_Assigned task_
With all pictures omitted, return verbatim the lines from the beginning of the records below through the line containing "Ropón convertible bebé".

BEGIN Material for this exercise

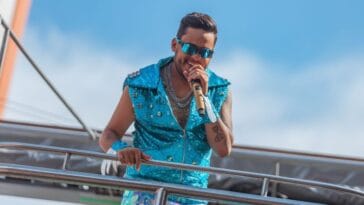 Thiago Aquino celebra aniversario com gravacao de novo DVD Intimidade em Salvador scaled POP CYBER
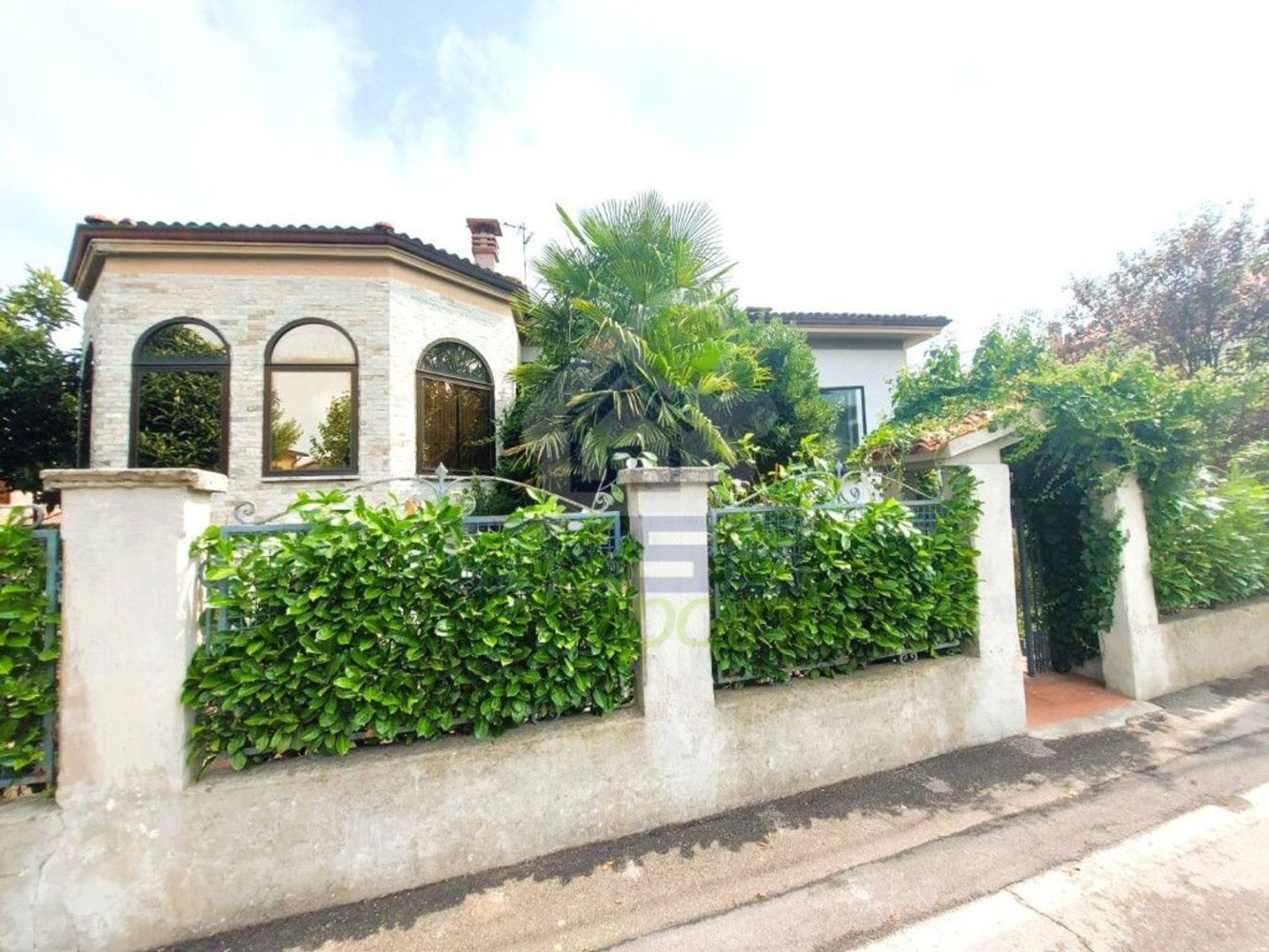 6-Zimmer Villa in Corno Giovine, Italy, Nr. 314741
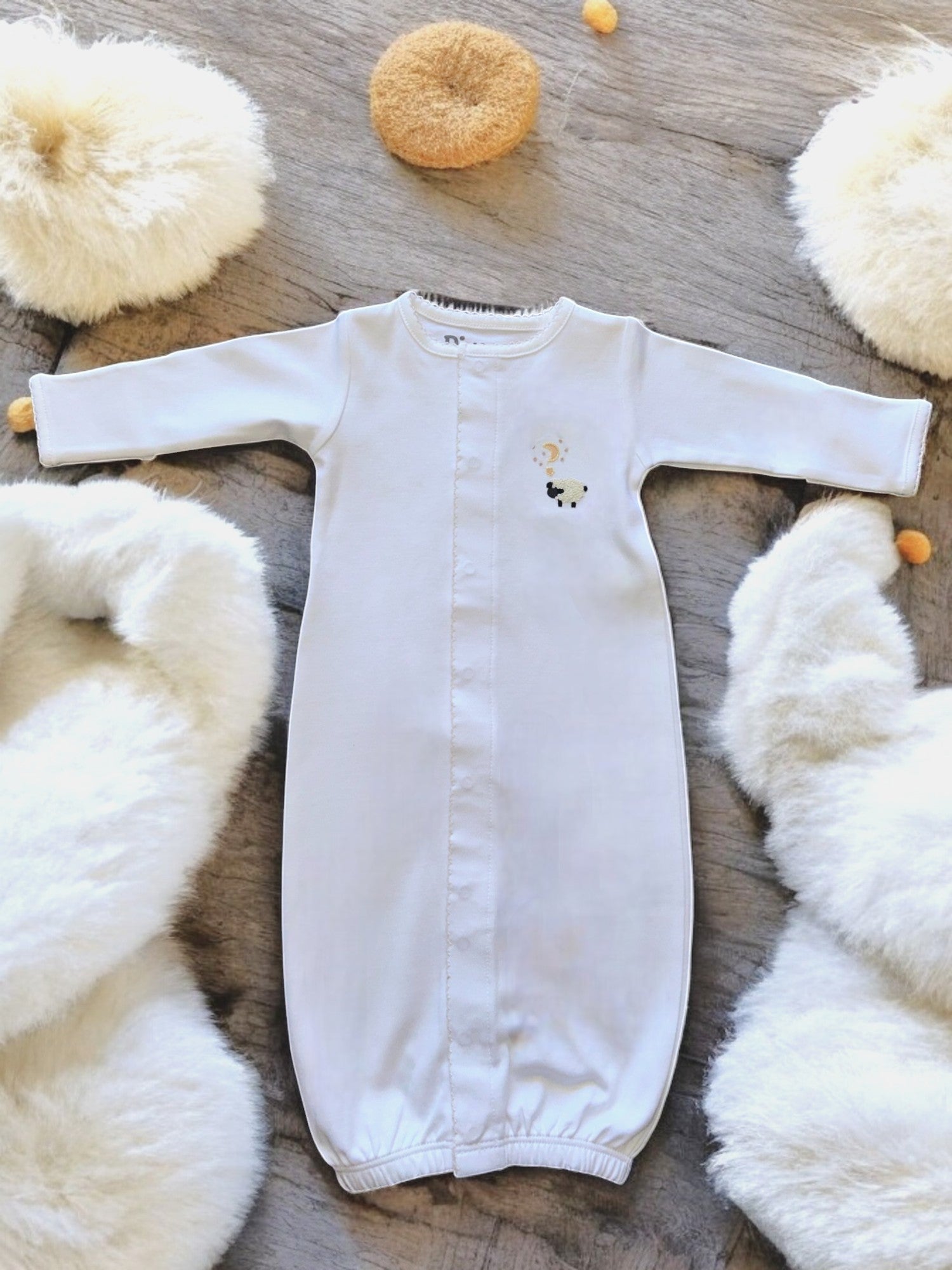 Ropón convertible bebé blanco de manga larga con diseño suave y cómodo para recién nacido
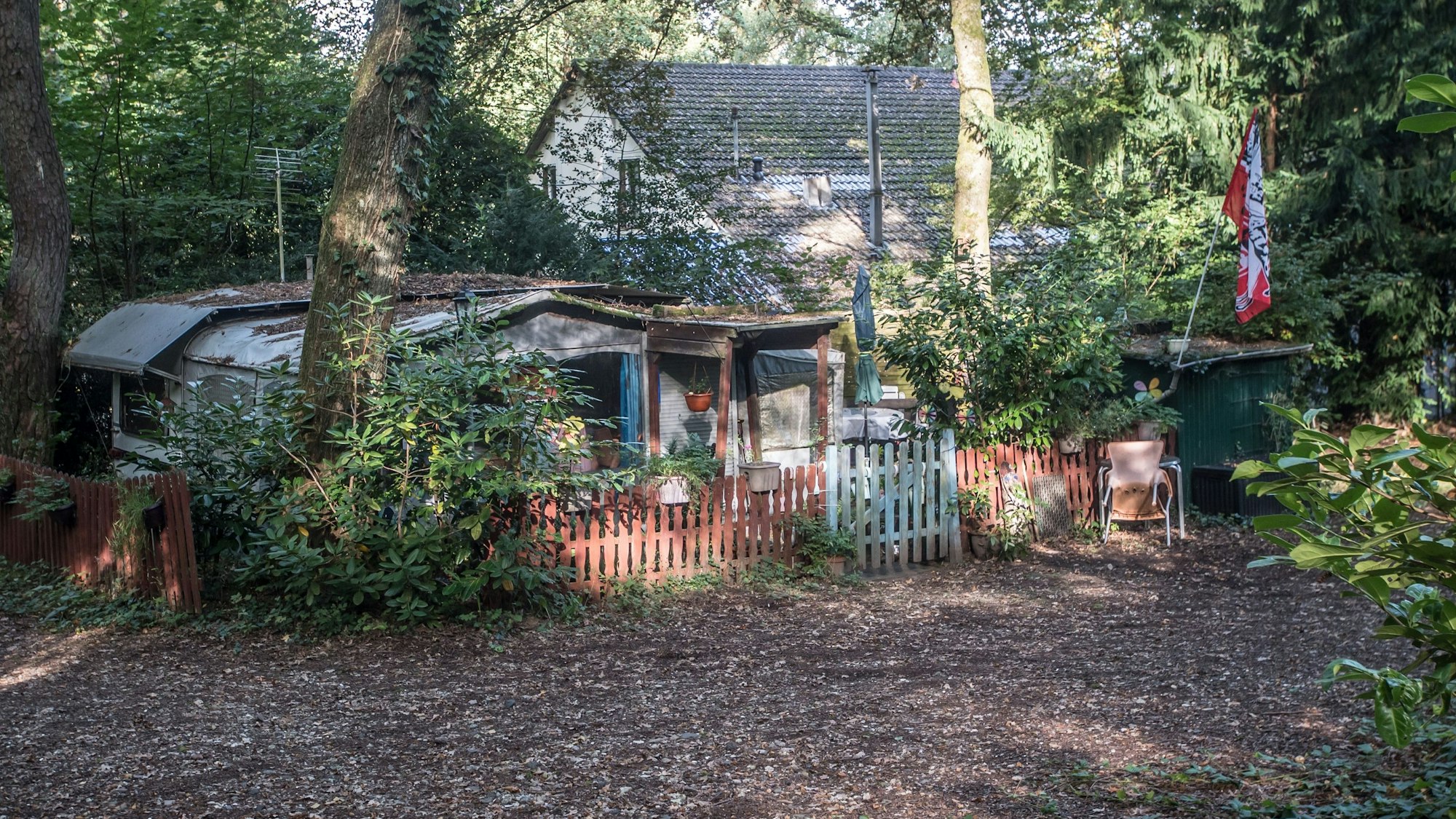 Der Campingplatz. Das Gelände Am Block teilen sich die Naturfreunde mit ihrer Mieterin, dem Verein und der gemeinnützigen Gesellschaft „Crew“.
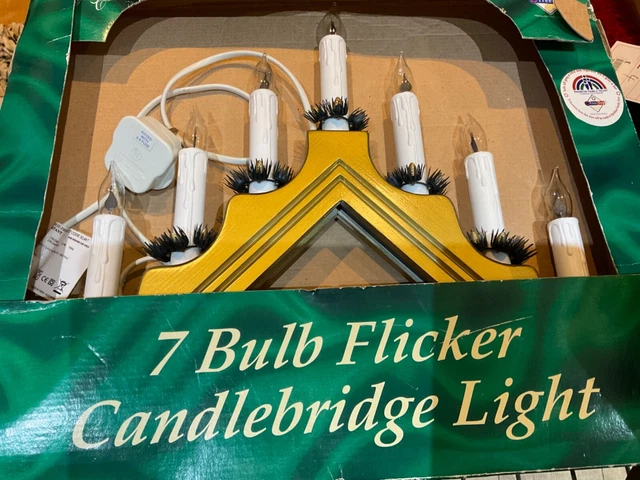 Holz Weihnachtskerzenbogen Brücke Flimmernde Glühbirnen. Vintage Gold Holz weiß ca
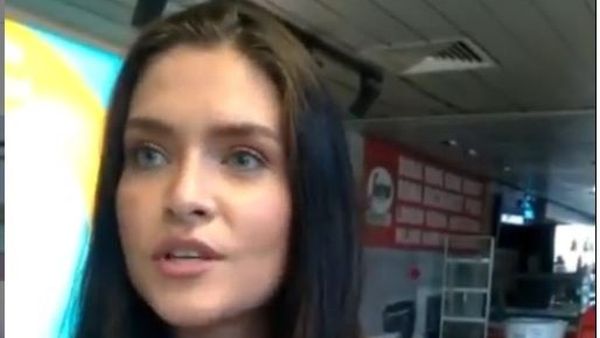 Adelina de la Survivor Rom&acirc;nia a ajuns &icirc;n Rom&acirc;nia. Primele declarații: &bdquo;Ce s-a &icirc;nt&acirc;mplat la Survivor a fost...&rdquo;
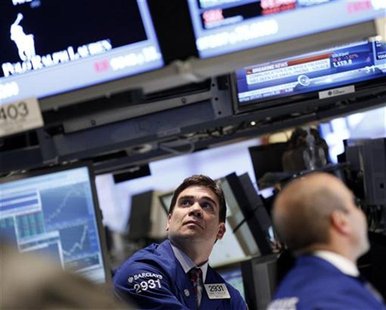 Traders work on the floor of the New York Stock Exchange May 23, 2012. REUTERS/Brendan McDermid Traders work on the floor of the New York Stock Exchange May 23, 2012. REUTERS/Brendan McDermid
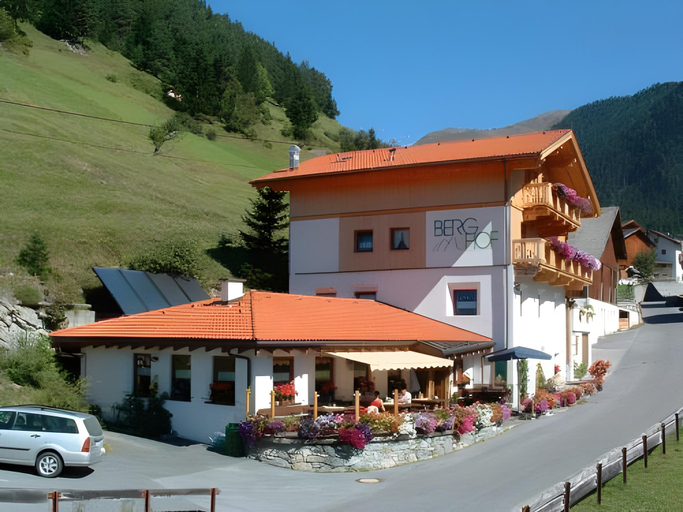 Exterior & Views 2, Naturhotel Berghof, Landeck
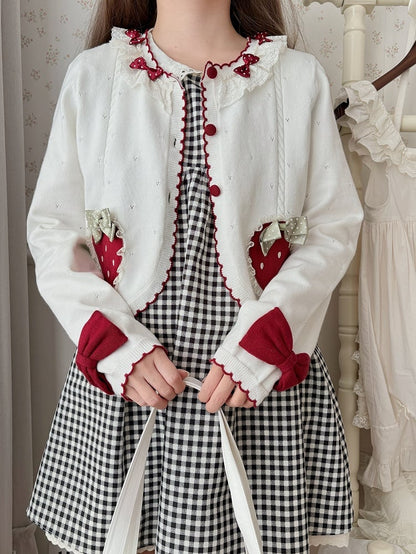 ホワイトの長袖ストロベリーアップリケカーディガン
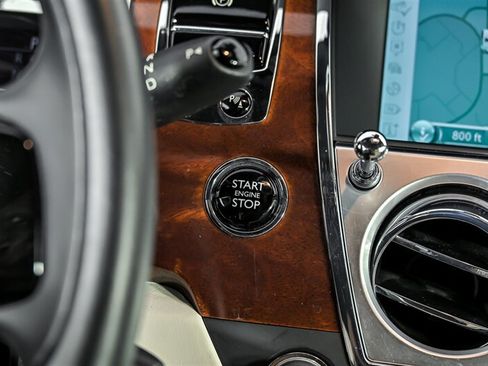 Used 2015 Rolls-Royce Wraith RWD image 29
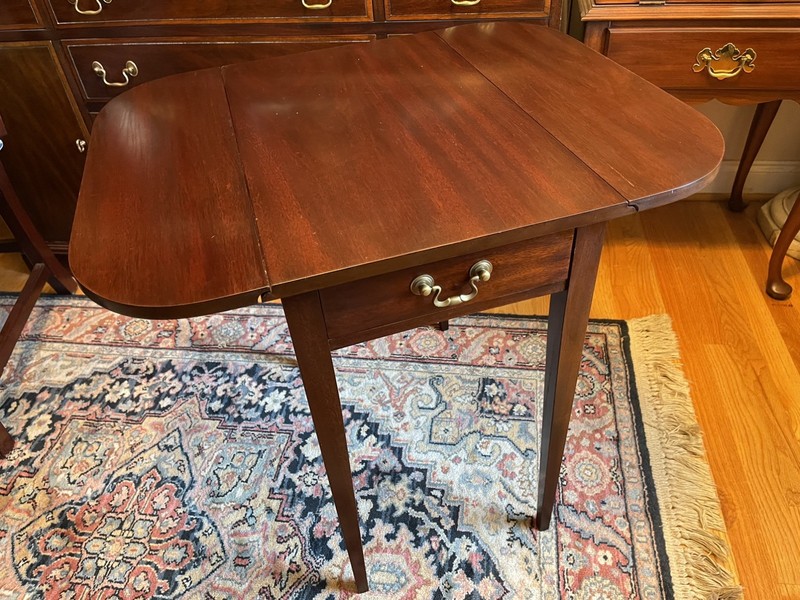 Henkel Harris Solid Mahogany Drop Leaf Pembroke Table No. 5604 gallery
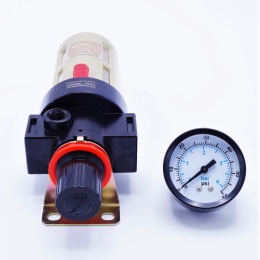 Filter with pressure reducing valve and a protective basket, G 1/2", up to 4 bar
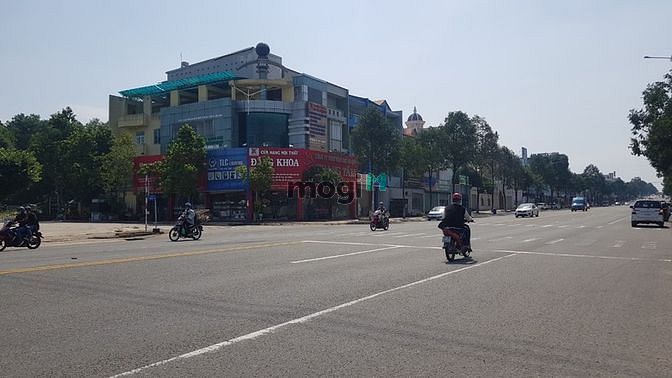 Hình ảnh Nợ bank mình bán 2 lô đất sát ĐH Việt Đức đối diện siêu thị giá 1,55tỷ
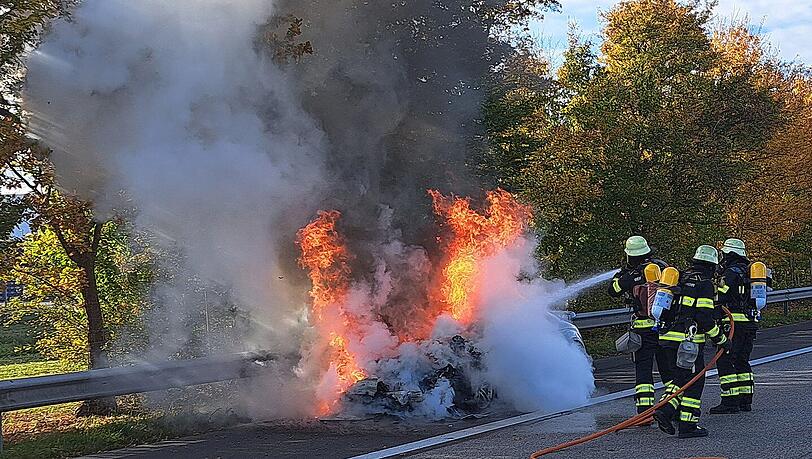 Brennender Audi TT auf der A8: Der Sportwagen fing kurz nach dem Autobahnkreuz München-West Feuer.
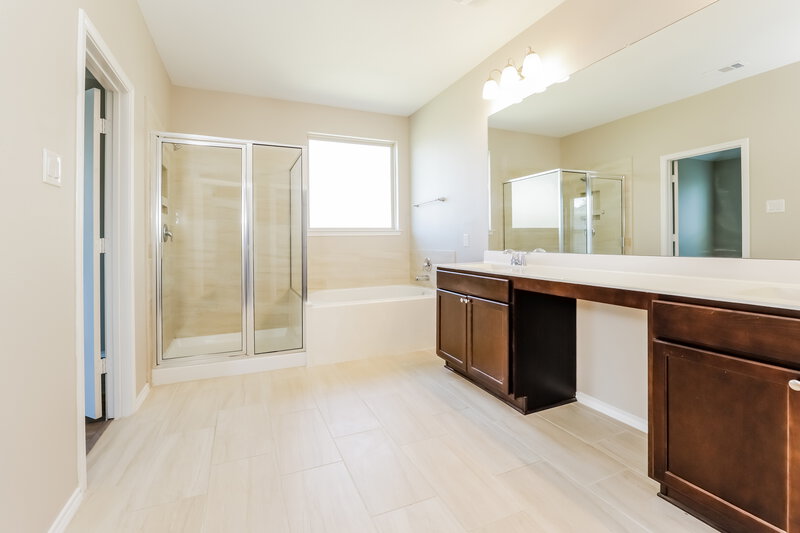2,905/Mo, 5647 Claymore Meadow Ln Spring, TX 77389 Main Bathroom View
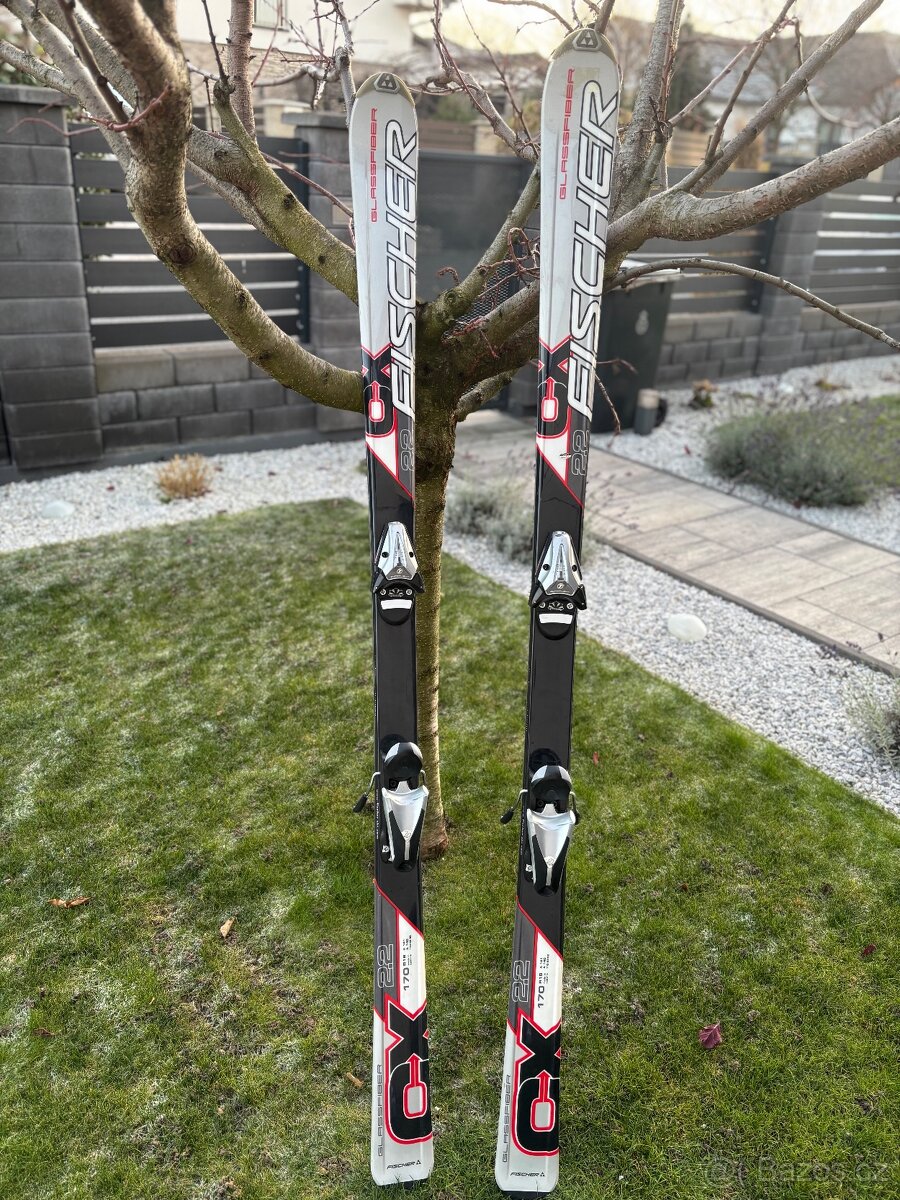 Lyže Fischer, lyžáky Salomon, hůlky, helma a brýle - 15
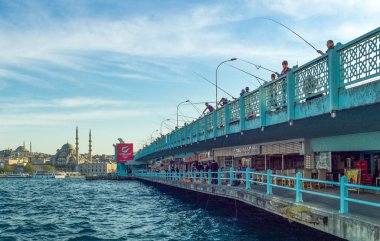 İstanbul, Türkiye - 30 Nisan 2013: Balıkçılar Galata Köprüsü iskele üzerinde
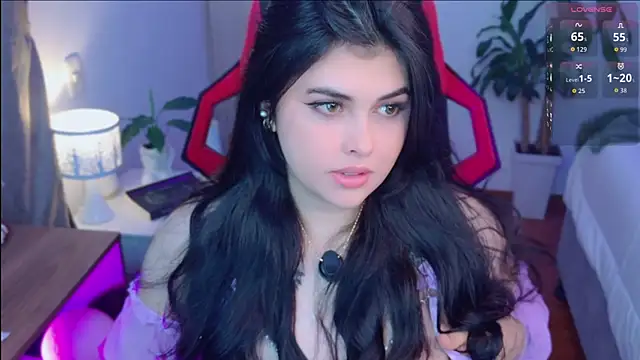 Snapshot of Alyaa_s chatting on April 19, 2026, 12:44 am Alyaa s online show from April 19, 2026, 12:44 am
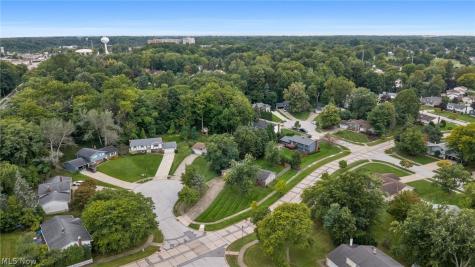 5646 Vista Circle Willoughby OH 44094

END Material for this exercise

_Task output_
 Thiago Aquino celebra aniversario com gravacao de novo DVD Intimidade em Salvador scaled POP CYBER
 6-Zimmer Villa in Corno Giovine, Italy, Nr. 314741
 Ropón convertible bebé blanco de manga larga con diseño suave y cómodo para recién nacido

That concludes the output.